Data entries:
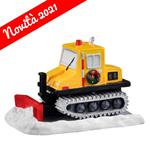 Lemax Spazzaneve - Serious Snowplow Cod 13560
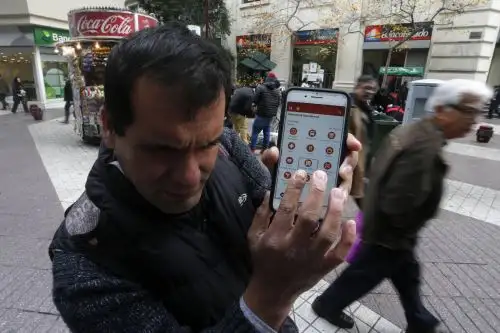 Lazarillo también ayuda a las empresas a conectar con la comunidad de usuarios con discapacidad visual y mejorar el acceso a sus servicios.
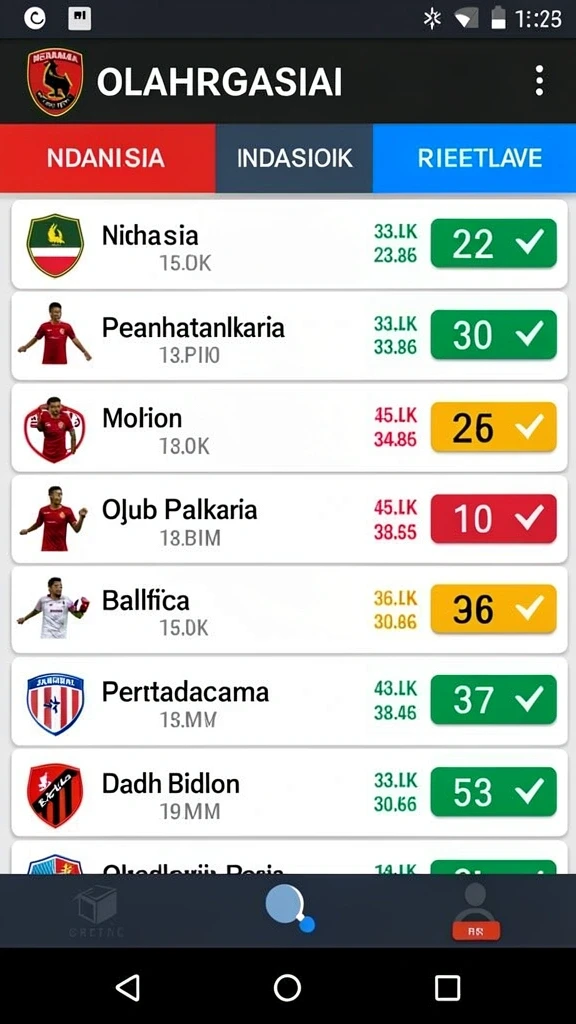 Sistem hadiah yang memotivasi pemain untuk terus bermain.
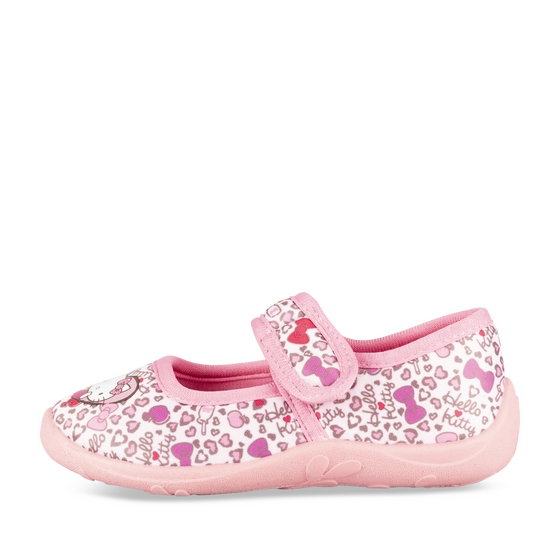 Chaussons ROSE Fille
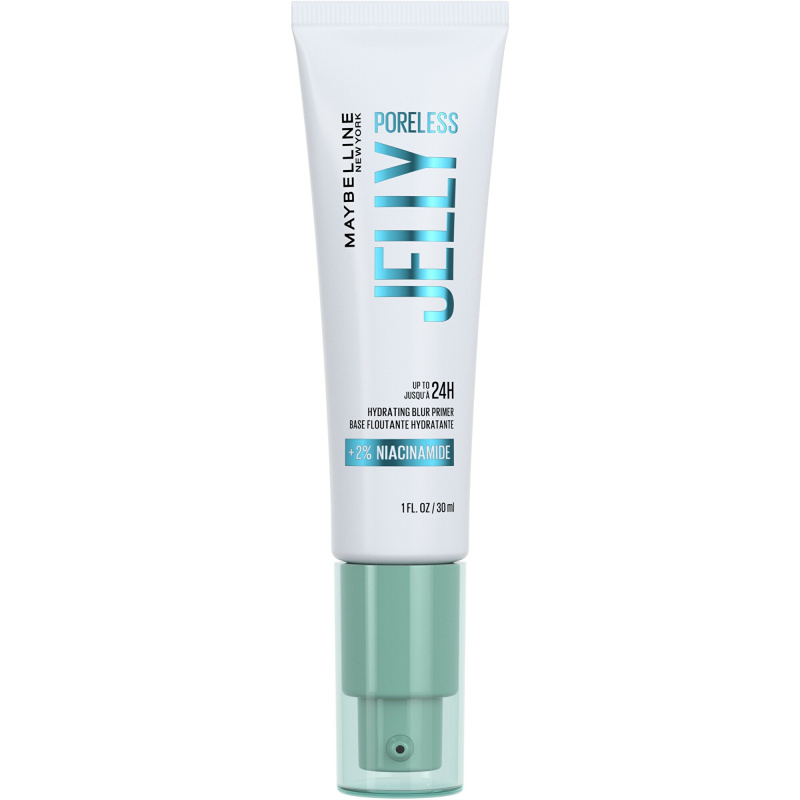 MAYBELLINE NEW YORK Primer Jelly podkladová báze pod make-up 30 ml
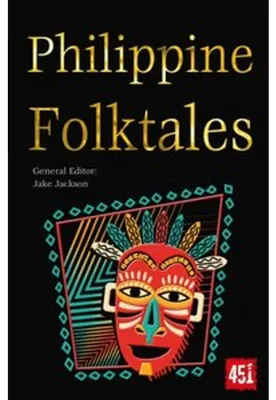 Immagine prodotto di Philippine Folktales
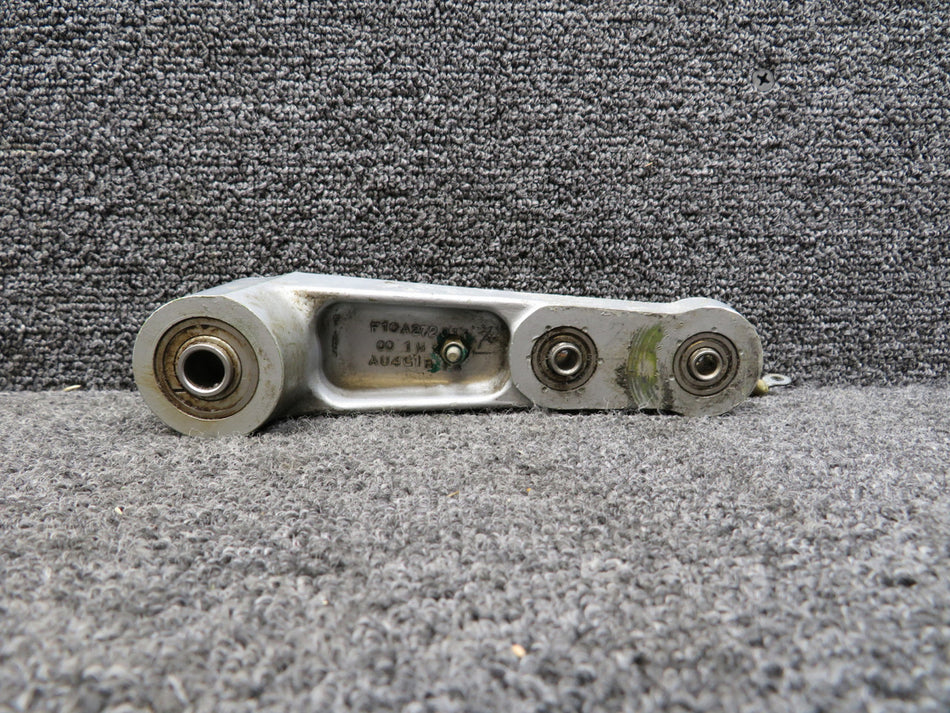 F10A272017 Dassault Falcon FA-10 Bell Crank Assembly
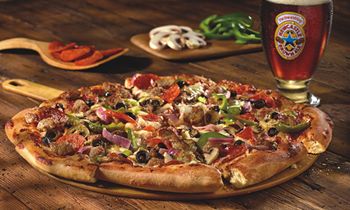 Old Chicago Pizza & Taproom Opening in Dubuque, IA
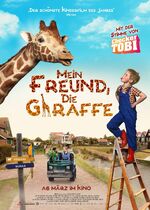 My Giraffe (Dikkertje Dap)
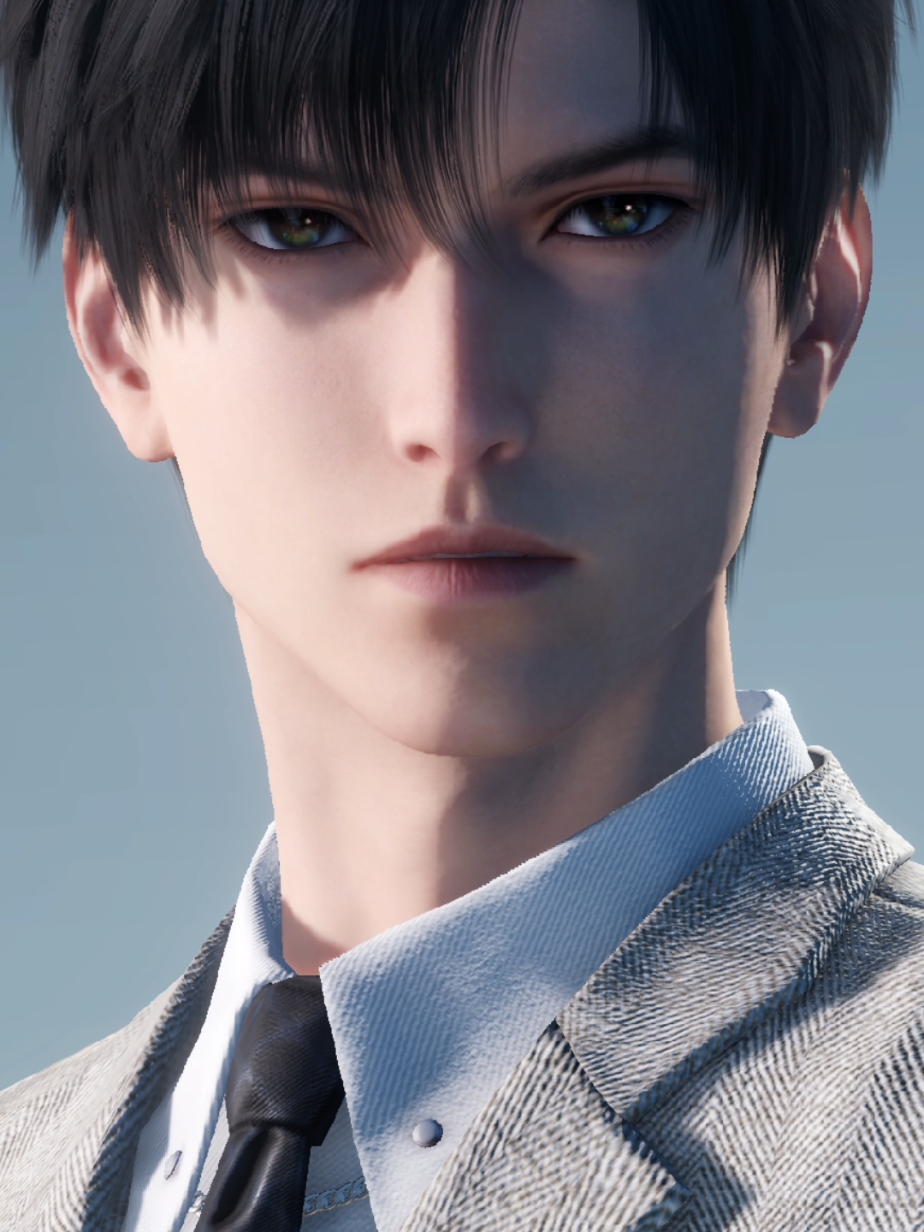 ❄️🐦‍⬛🐰🐠The 5K Followers Special Video✨️ #xavier #rafayel #zayne #sylus #loveanddeepspace #loveanddeepspaceedit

# What the task asks:
Images are to be excluded, and each record above written out word for word.

# Solution to this exercise:
 Lemax Spazzaneve - Serious Snowplow Cod 13560
 Lazarillo también ayuda a las empresas a conectar con la comunidad de usuarios con discapacidad visual y mejorar el acceso a sus servicios.
 Sistem hadiah yang memotivasi pemain untuk terus bermain.
 Chaussons ROSE Fille
 MAYBELLINE NEW YORK Primer Jelly podkladová báze pod make-up 30 ml
 Immagine prodotto di Philippine Folktales
 F10A272017 Dassault Falcon FA-10 Bell Crank Assembly
 Old Chicago Pizza & Taproom Opening in Dubuque, IA
 My Giraffe (Dikkertje Dap)
 ❄️🐦‍⬛🐰🐠The 5K Followers Special Video✨️ #xavier #rafayel #zayne #sylus #loveanddeepspace #loveanddeepspaceedit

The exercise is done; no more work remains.